The International Consortium on Agricultural Biotechnology Research (ICABR)


Regulations and Market Segregation of Biotech Crops: Implications for Global Agricultural Trade

Aziz Elbehri,
Economic Research Service,

Thomas Hertel,
Center for Global Analysis Project,
Purdue University

William Lin
Economic Research Service,

This research presents a modeling framework to examine the implications for the emerging global trade patterns resulting from biotechnology-driven market segmentation. The spread of biotechnology has introduced an important new dimension along which consumers can be distinguished – namely their sensitivity to the biotech food products. This has given rise to government biotech regulations including labeling. Depending on how these regulations are implemented, they could potentially become instruments of trade restriction. The private sector has responded to this new environment by initiating demand-driven product segmentation through private labeling and certification. These developments could fundamentally transform the long-standing commodity-based trade system into segmented markets.

The extent to which market segmentation, including identity preservation (IP) will develop depends on the magnitude of segregation costs and the incidence of these costs along the production-processing-consumption chain.

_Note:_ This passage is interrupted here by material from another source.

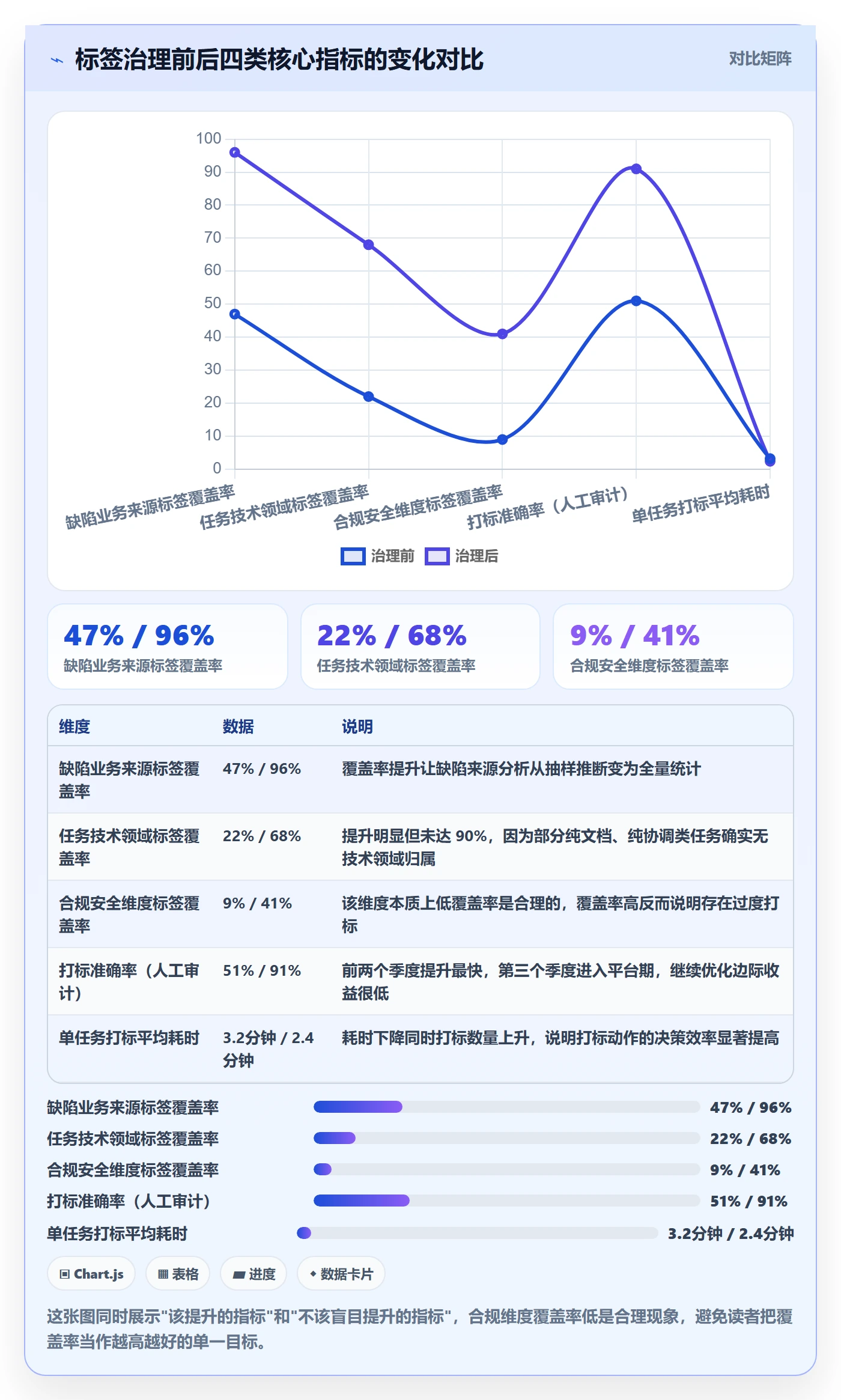 标签落地方案:研发团队开展任务属性的落地方案案例解析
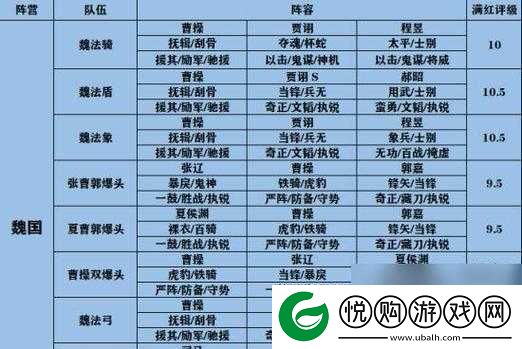 三国志幻想大陆中获取兵玉方法及兵玉详细作用全面介绍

The incidence of IP costs depends on the ability of economic agents to substitute away from these products. Consumers with an inelastic demand are likely to get stuck with a significant portion of the costs, as are firms facing very elastic market demand. Should the biotech crops become the majority grown, they become the norm while the non-biotech varieties will become a niche market grown only if purchasers are willing to pay a premium price that covers the additional IP costs.

The prospects of bifurcated, segregated commodity markets imply that traditional trade patterns are likely to be transformed in a way that cannot be determined a priori. The demand-side forces stemming from heterogeneous consumer preferences imply that the sourcing of grain imports might change in order to meet importers’ biotech requirements. On the supply side, biotech-enhanced crops may fundamentally change production structure either by allowing the growth of crops in new areas or by improving yields in existing growing areas. This in turn would significantly affect the net trade position for a particular country, meaning that some net importing countries may turn out to be self-sufficient or even become exporters. Likewise, local opposition to biotech crops may prevent some grain exporting countries (e.g., the European Union) from supplying their traditional markets, which may in turn shift their imports to lower-priced biotech grains.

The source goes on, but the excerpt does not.